WHAT THE TASK ASKS — Only one span of the listing below is wanted: the lines from the one with "Продавам старинни вретена, совалка" through the one with "notícia: Em noite", reproduced exactly, both ends kept.
EXERCISE MATERIAL Block Start
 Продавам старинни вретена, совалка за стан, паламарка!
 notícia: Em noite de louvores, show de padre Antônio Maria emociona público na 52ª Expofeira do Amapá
EXERCISE MATERIAL Block End
EXERCISE MATERIAL Block Start
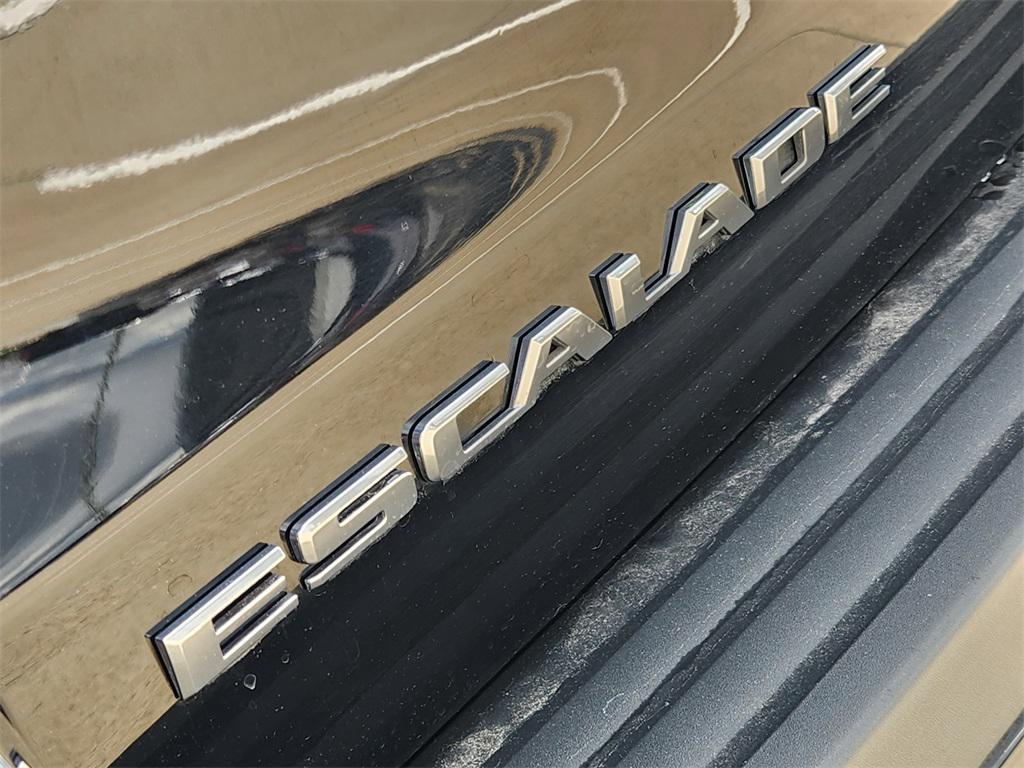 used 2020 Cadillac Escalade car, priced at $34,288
EXERCISE MATERIAL Block End
EXERCISE RESULT —
 Продавам старинни вретена, совалка за стан, паламарка!
 notícia: Em noite de louvores, show de padre Antônio Maria emociona público na 52ª Expofeira do Amapá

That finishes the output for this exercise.